To express our target cell, we need to track total shipping cost. After entering in the cell range B10:E12 trial values for our shipments from each supply point to each region, we can compute total shipping cost as follows:
(Amount sent from LA to East)*(Cost per pound of sending drug from LA to East)+
(Amount sent from LA to Midwest)*(Cost per pound of sending drug from LA to Midwest)+
(Amount sent from LA to South)*(Cost per pound of sending drug from LA to South)+
(Amount sent from LA to West)*(Cost per pound of sending drug from LA to West)+…
(Amount sent from New York City to West)*(Cost per pound of sending drug from New York City to West)
The SUMPRODUCT function can multiply corresponding elements in two separate rectangles (as long as the rectangles are the same size) and add together the products. I’ve named the cell range B4:E6 as costs and the changing-cells range (B10:E12) as shipped. Therefore, our total shipping and production cost is computed in cell B18 with the formula SUMPRODUCT(costs,shipped).
To express our constraints, we first compute the total shipped from each supply point. By entering the formula SUM(B10:E10) in cell F10, we compute the total number of pounds shipped from Los Angeles as (LA shipped to East)+(LA shipped to Midwest)+ (LA shipped to South)+(LA shipped to West). Copying this formula to F11:F12 computes the total shipped from Atlanta and New York City. Later I’ll add constraints (called supply constraints) that ensure the amount shipped from each location does not exceed the plant’s capacity.
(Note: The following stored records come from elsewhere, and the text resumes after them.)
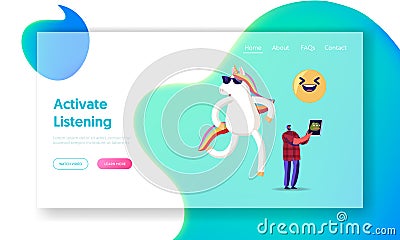 Viral Content Streaming, Spread and Share in Internet Landing Page Template. Male User Character Watching Video Online Vector Illustration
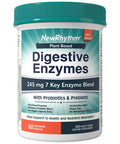 NewRhythm Digestive Enzymes 245 mg with Probiotics and Prebiotics Plant Based 7 Key Enzymes Digestion Nutrient Absorption Protease Amylase & Lipase 60 Vegan Capsules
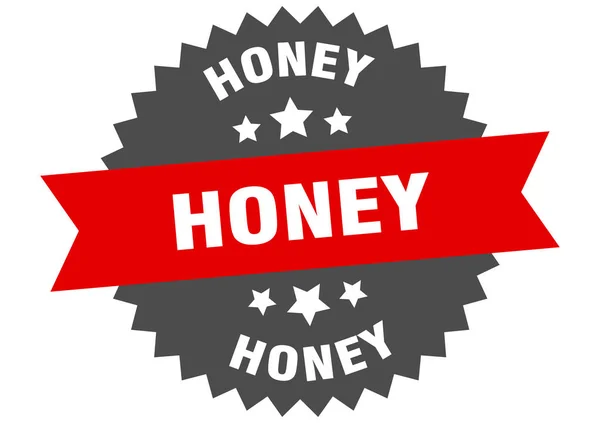 Señal de miel. etiqueta de banda circular de miel. etiqueta engomada redonda miel — Archivo Imágenes Vectoriales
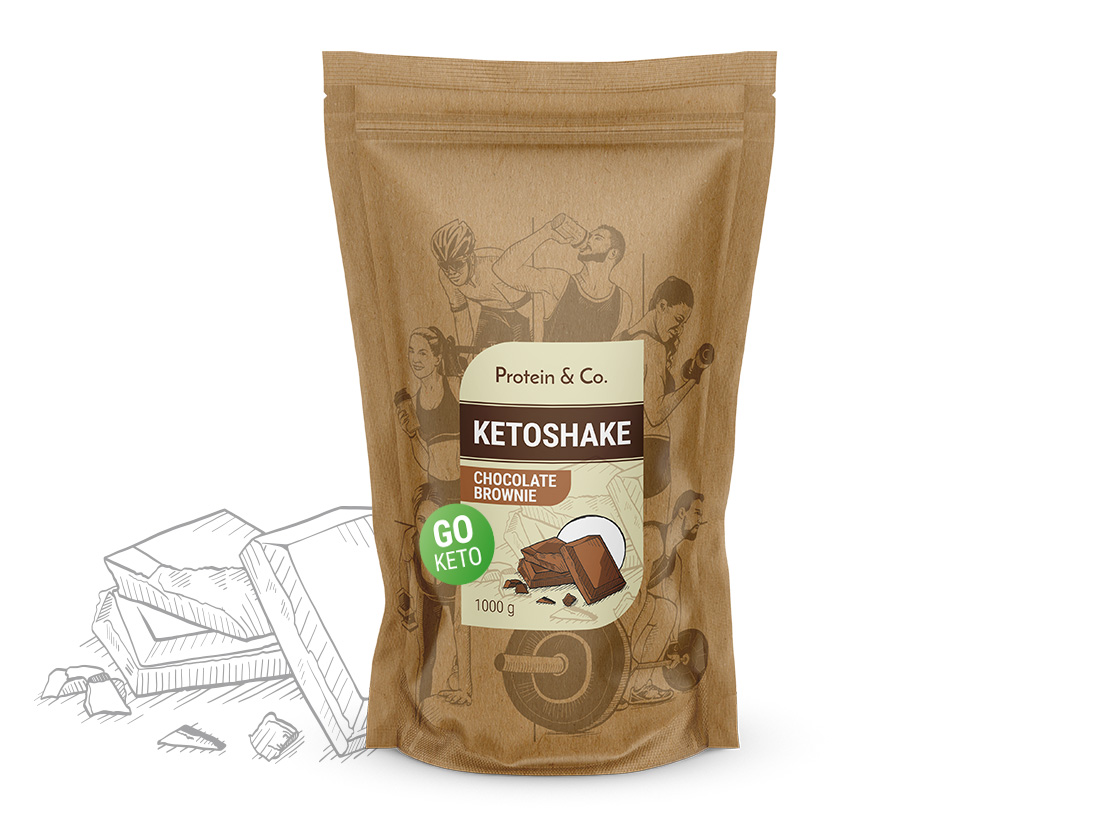 Protein&Co. Ketoshake – proteinový dietní koktejl 1 kg Váha: 1 000 g, Vyber si z těchto lahodných příchutí: Chocolate brownie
Next, I compute the total received by each demand point. I begin by entering in cell B13 the formula SUM(B10:B12). This formula computes the total number of pounds received in the East as (Pounds shipped from LA to East)+(Pounds shipped from Atlanta to East)+ (Pounds shipped from New York City to East). By copying this formula from B13 to C13:E13, I compute the pounds of the drug received by the Midwest, South, and West regions. Later, I’ll add constraints (called demand constraints) that ensure that each region receives the amount of the drug it requires.
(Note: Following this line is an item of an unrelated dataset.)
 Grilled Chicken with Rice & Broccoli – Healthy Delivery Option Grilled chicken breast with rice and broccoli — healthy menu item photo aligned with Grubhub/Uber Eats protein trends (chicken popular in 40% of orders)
We now open the Solver Parameters dialog box (click Solver in the Analysis group, on the Data tab) and fill it in as shown in Figure 29-2.
Figure 29-2: The Solver set up to solve our transportation problem.
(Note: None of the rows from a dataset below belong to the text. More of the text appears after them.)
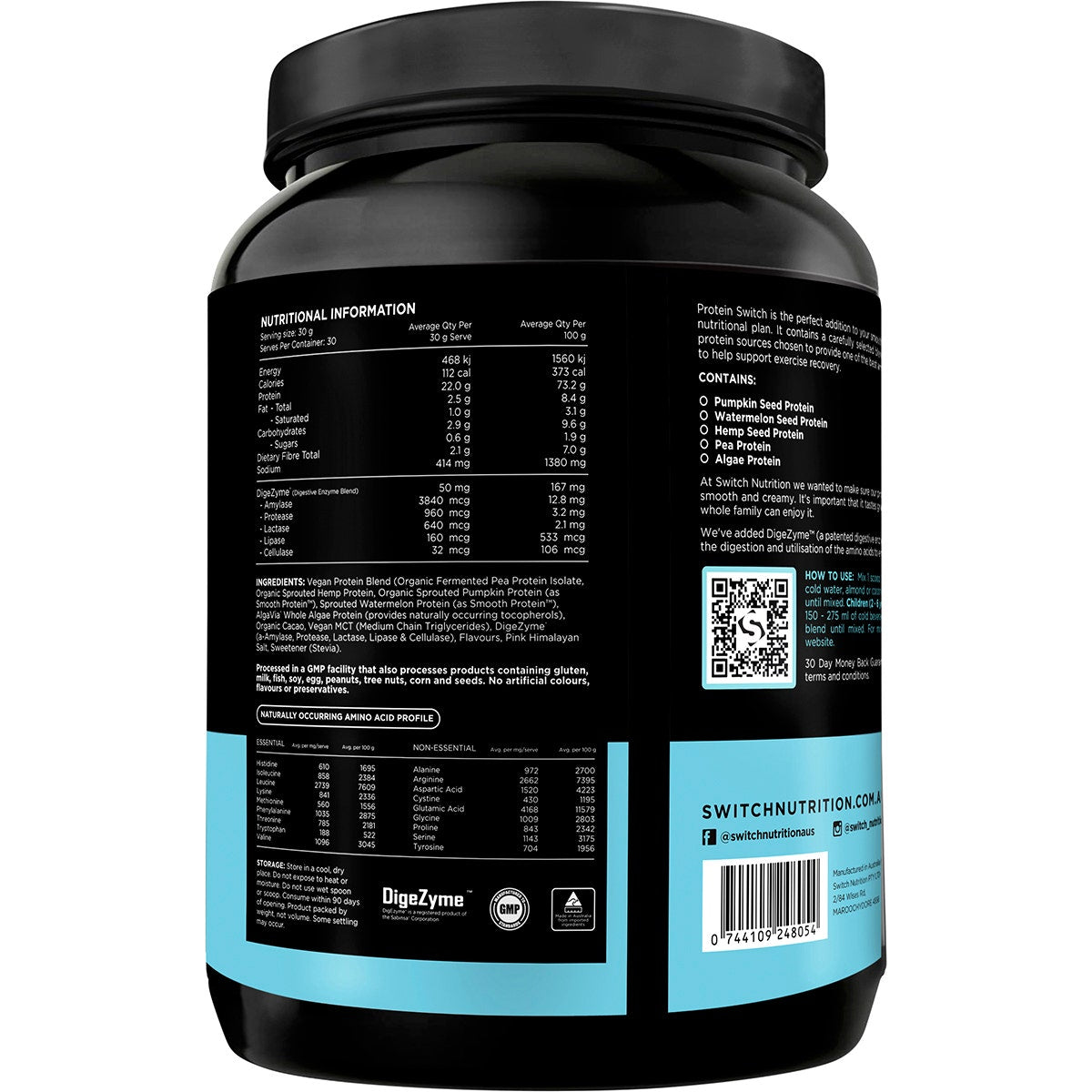 Protein Organic Sprouted Plant Choc Sea Salt 900g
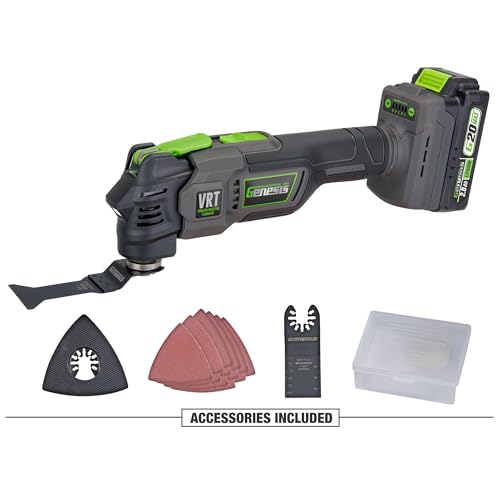 Genesis 20V Brushless Oscillating Multi-Tool, G20MAX Vibration-Reduction Technology (VRT), with Battery, Charger and Accessories (GLMT20BH) - size: 20V Brushless Oscillating Tool
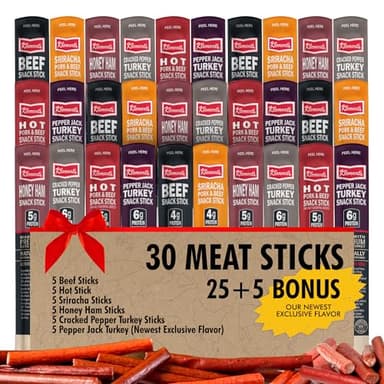 Jerky.com 30-Pack Jerky Variety Pack Meat Sticks - Low Carb, High Protein Snacks | Keto Friendly, Gluten Free | Bonus Includes Exclusive Flavor | Turkey, Ham, Pork & Beef Sticks Jerky Gifts | Birthday Day Gifts for Men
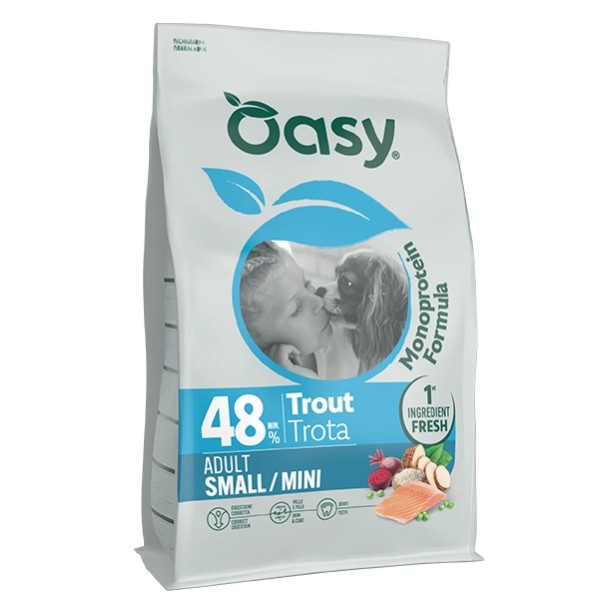 Oasy Dog Adult Formula Monoprotein Small Mini Trota 800 gr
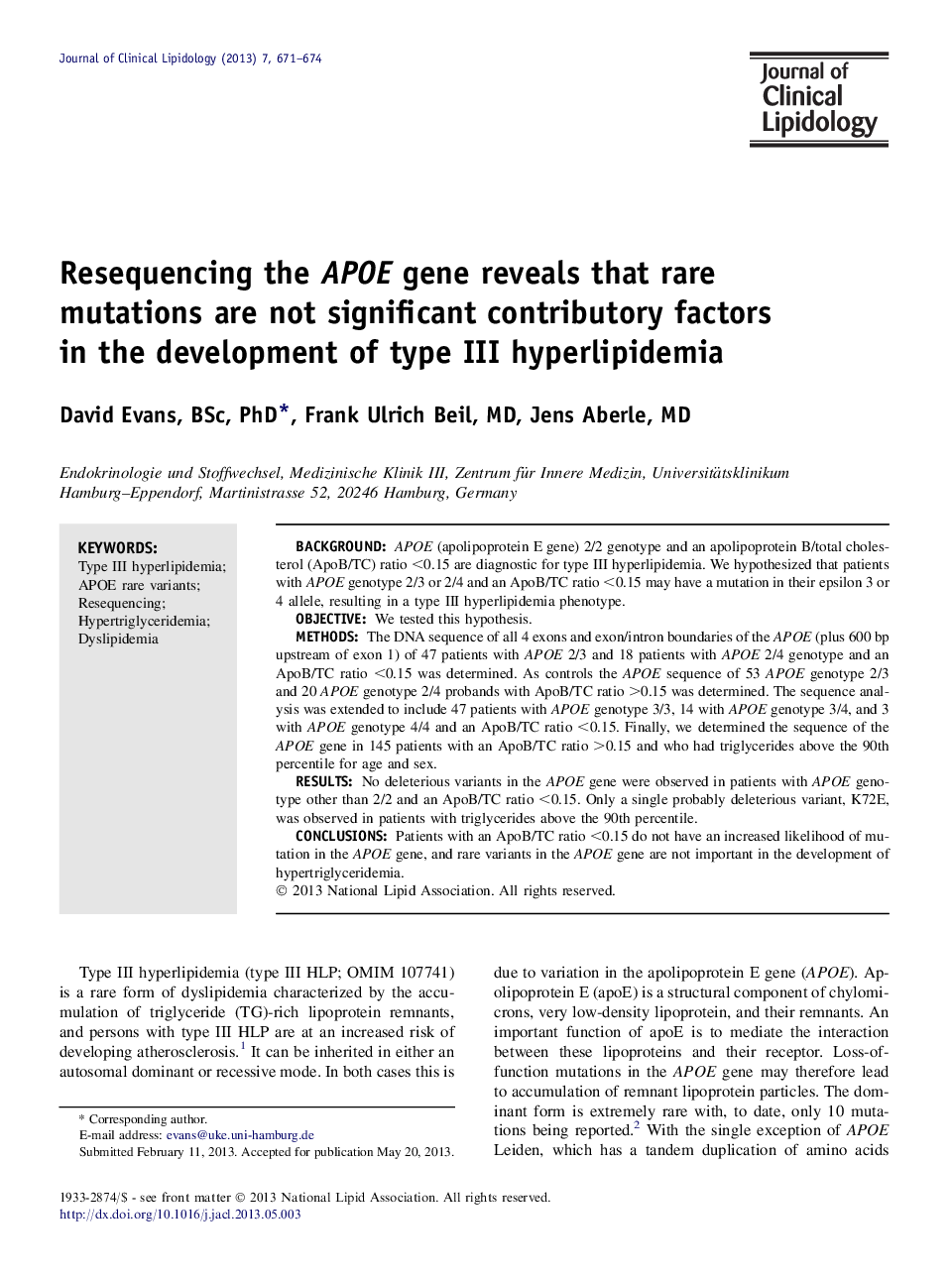 Resequencing the APOE gene reveals that rare mutations are not significant contributory factors in the development of type III hyperlipidemia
We want to minimize total shipping cost (computed in cell B18). Our changing cells are the number of pounds shipped from each plant to each region of the country. (These amounts are listed in the range named shipped, consisting of cells B10:E12.) The constraint F10:F12<=H10:H12 (the supply constraint) ensures that the amount sent from each plant does not exceed its capacity. The constraint B13:E13>=B15:E15 (the demand constraint) ensures that each region receives at least the amount of the drug it needs.
Our model is a linear Solver model because our target cell is created by adding together the terms of the form (changing cell)*(constant), and both our supply and demand constraints are created by comparing the sum of changing cells to a constant.
I now click Options in the Solver Parameters dialog box and check the Assume Linear Model and Assume Non-Negative boxes. After clicking Solve in the Solver Parameters dialog box, we’re presented with the optimal solution shown earlier in Figure 29-1. The minimum cost of meeting customer demand is $86,800. This minimum cost can be achieved if the company uses the following production and shipping schedule:
Ship 10,000 pounds from Los Angeles to the West region.
Ship 3000 pounds from Atlanta to the West region, and the same amount from Atlanta to the Midwest region. Ship 6000 pounds from Atlanta to the South region.
Ship 9000 pounds from New York City to the East region, and 3000 pounds from New York City to the Midwest region.